The listing that follows should be reproduced exactly, line for line.

---

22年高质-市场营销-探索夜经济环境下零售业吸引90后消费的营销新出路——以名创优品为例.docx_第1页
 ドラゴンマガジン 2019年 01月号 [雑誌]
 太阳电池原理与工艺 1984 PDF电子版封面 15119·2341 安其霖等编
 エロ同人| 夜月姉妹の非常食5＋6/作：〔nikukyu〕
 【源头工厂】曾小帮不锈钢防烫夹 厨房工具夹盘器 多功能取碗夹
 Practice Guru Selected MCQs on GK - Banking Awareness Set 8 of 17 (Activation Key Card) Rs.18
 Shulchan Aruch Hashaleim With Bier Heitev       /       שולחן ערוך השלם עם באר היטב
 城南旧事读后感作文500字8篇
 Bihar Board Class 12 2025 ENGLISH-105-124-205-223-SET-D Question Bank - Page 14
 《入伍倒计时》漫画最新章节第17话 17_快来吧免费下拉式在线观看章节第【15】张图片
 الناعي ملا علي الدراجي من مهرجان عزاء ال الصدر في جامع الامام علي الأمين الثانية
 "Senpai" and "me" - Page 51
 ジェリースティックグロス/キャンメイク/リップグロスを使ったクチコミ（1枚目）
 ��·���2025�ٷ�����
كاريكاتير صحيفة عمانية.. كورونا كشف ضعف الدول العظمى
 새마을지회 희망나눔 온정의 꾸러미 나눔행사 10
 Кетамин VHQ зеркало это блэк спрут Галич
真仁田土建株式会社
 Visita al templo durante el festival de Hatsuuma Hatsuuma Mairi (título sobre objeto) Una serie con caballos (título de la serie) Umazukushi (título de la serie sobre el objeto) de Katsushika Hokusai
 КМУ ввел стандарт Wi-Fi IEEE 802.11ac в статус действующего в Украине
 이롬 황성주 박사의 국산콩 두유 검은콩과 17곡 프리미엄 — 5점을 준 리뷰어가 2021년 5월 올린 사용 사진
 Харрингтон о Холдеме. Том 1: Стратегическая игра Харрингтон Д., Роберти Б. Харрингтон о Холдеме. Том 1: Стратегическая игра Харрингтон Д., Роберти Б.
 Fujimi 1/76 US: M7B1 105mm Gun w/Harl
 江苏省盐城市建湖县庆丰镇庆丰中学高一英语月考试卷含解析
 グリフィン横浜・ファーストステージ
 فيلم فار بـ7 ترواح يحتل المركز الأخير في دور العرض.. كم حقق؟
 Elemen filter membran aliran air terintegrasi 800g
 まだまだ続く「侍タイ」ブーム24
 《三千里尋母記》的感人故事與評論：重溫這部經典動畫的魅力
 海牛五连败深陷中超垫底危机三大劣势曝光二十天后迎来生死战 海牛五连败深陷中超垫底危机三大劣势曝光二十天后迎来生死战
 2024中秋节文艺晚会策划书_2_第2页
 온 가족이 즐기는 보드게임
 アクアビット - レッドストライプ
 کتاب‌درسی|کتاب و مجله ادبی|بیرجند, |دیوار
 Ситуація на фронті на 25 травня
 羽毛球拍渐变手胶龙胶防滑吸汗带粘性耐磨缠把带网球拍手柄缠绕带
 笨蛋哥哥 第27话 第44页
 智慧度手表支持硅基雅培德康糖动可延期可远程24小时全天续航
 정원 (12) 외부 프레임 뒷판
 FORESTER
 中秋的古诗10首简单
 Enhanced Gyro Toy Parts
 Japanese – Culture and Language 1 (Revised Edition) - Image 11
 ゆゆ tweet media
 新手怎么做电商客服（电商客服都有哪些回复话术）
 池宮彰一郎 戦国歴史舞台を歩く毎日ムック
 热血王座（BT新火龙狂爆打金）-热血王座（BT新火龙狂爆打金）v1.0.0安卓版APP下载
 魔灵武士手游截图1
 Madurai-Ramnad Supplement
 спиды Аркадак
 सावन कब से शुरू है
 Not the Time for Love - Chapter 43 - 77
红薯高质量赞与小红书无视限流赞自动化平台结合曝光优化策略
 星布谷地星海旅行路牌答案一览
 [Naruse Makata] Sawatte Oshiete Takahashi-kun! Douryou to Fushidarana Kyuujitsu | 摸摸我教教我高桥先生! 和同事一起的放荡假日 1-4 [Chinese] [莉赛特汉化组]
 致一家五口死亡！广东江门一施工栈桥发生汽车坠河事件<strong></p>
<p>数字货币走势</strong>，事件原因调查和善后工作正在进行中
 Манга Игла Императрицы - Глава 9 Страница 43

---

*Your solution*.
22年高质-市场营销-探索夜经济环境下零售业吸引90后消费的营销新出路——以名创优品为例.docx_第1页
 ドラゴンマガジン 2019年 01月号 [雑誌]
 太阳电池原理与工艺 1984 PDF电子版封面 15119·2341 安其霖等编
 エロ同人| 夜月姉妹の非常食5＋6/作：〔nikukyu〕
 【源头工厂】曾小帮不锈钢防烫夹 厨房工具夹盘器 多功能取碗夹
 Practice Guru Selected MCQs on GK - Banking Awareness Set 8 of 17 (Activation Key Card) Rs.18
 Shulchan Aruch Hashaleim With Bier Heitev       /       שולחן ערוך השלם עם באר היטב
 城南旧事读后感作文500字8篇
 Bihar Board Class 12 2025 ENGLISH-105-124-205-223-SET-D Question Bank - Page 14
 《入伍倒计时》漫画最新章节第17话 17_快来吧免费下拉式在线观看章节第【15】张图片
 الناعي ملا علي الدراجي من مهرجان عزاء ال الصدر في جامع الامام علي الأمين الثانية
 "Senpai" and "me" - Page 51
 ジェリースティックグロス/キャンメイク/リップグロスを使ったクチコミ（1枚目）
 ��·���2025�ٷ�����
كاريكاتير صحيفة عمانية.. كورونا كشف ضعف الدول العظمى
 새마을지회 희망나눔 온정의 꾸러미 나눔행사 10
 Кетамин VHQ зеркало это блэк спрут Галич
真仁田土建株式会社
 Visita al templo durante el festival de Hatsuuma Hatsuuma Mairi (título sobre objeto) Una serie con caballos (título de la serie) Umazukushi (título de la serie sobre el objeto) de Katsushika Hokusai
 КМУ ввел стандарт Wi-Fi IEEE 802.11ac в статус действующего в Украине
 이롬 황성주 박사의 국산콩 두유 검은콩과 17곡 프리미엄 — 5점을 준 리뷰어가 2021년 5월 올린 사용 사진
 Харрингтон о Холдеме. Том 1: Стратегическая игра Харрингтон Д., Роберти Б. Харрингтон о Холдеме. Том 1: Стратегическая игра Харрингтон Д., Роберти Б.
 Fujimi 1/76 US: M7B1 105mm Gun w/Harl
 江苏省盐城市建湖县庆丰镇庆丰中学高一英语月考试卷含解析
 グリフィン横浜・ファーストステージ
 فيلم فار بـ7 ترواح يحتل المركز الأخير في دور العرض.. كم حقق؟
 Elemen filter membran aliran air terintegrasi 800g
 まだまだ続く「侍タイ」ブーム24
 《三千里尋母記》的感人故事與評論：重溫這部經典動畫的魅力
 海牛五连败深陷中超垫底危机三大劣势曝光二十天后迎来生死战 海牛五连败深陷中超垫底危机三大劣势曝光二十天后迎来生死战
 2024中秋节文艺晚会策划书_2_第2页
 온 가족이 즐기는 보드게임
 アクアビット - レッドストライプ
 کتاب‌درسی|کتاب و مجله ادبی|بیرجند, |دیوار
 Ситуація на фронті на 25 травня
 羽毛球拍渐变手胶龙胶防滑吸汗带粘性耐磨缠把带网球拍手柄缠绕带
 笨蛋哥哥 第27话 第44页
 智慧度手表支持硅基雅培德康糖动可延期可远程24小时全天续航
 정원 (12) 외부 프레임 뒷판
 FORESTER
 中秋的古诗10首简单
 Enhanced Gyro Toy Parts
 Japanese – Culture and Language 1 (Revised Edition) - Image 11
 ゆゆ tweet media
 新手怎么做电商客服（电商客服都有哪些回复话术）
 池宮彰一郎 戦国歴史舞台を歩く毎日ムック
 热血王座（BT新火龙狂爆打金）-热血王座（BT新火龙狂爆打金）v1.0.0安卓版APP下载
 魔灵武士手游截图1
 Madurai-Ramnad Supplement
 спиды Аркадак
 सावन कब से शुरू है
 Not the Time for Love - Chapter 43 - 77
红薯高质量赞与小红书无视限流赞自动化平台结合曝光优化策略
 星布谷地星海旅行路牌答案一览
 [Naruse Makata] Sawatte Oshiete Takahashi-kun! Douryou to Fushidarana Kyuujitsu | 摸摸我教教我高桥先生! 和同事一起的放荡假日 1-4 [Chinese] [莉赛特汉化组]
 致一家五口死亡！广东江门一施工栈桥发生汽车坠河事件<strong></p>
<p>数字货币走势</strong>，事件原因调查和善后工作正在进行中
 Манга Игла Императрицы - Глава 9 Страница 43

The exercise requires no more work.